#### WHAT THE TASK ASKS:
Could you write out, exactly as they stand, only the lines in the listing below from the line with "Spytkowice widok z" to the line with "Blue TikTok Vector", both ends included, without the pictures?

#### SUPPLIED INFORMATION:
--

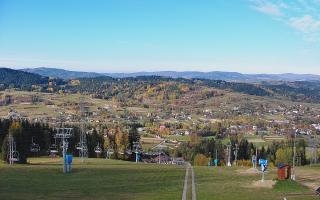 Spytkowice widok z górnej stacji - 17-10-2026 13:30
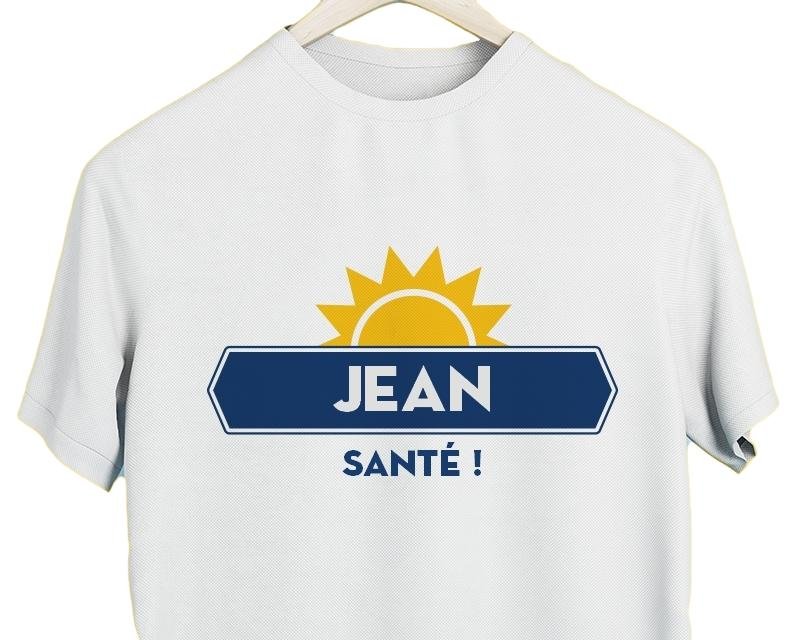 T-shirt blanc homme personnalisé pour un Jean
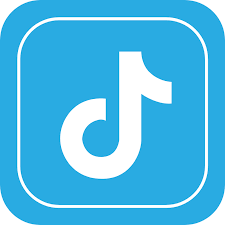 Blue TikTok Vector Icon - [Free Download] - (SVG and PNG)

--

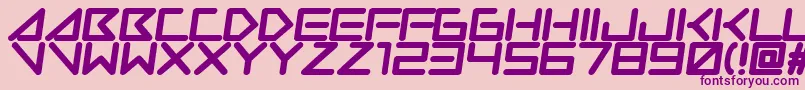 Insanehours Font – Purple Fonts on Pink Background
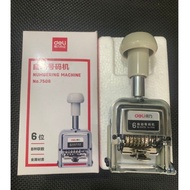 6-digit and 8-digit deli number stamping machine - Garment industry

--

#### RESPONSE:
 Spytkowice widok z górnej stacji - 17-10-2026 13:30
 T-shirt blanc homme personnalisé pour un Jean
 Blue TikTok Vector Icon - [Free Download] - (SVG and PNG)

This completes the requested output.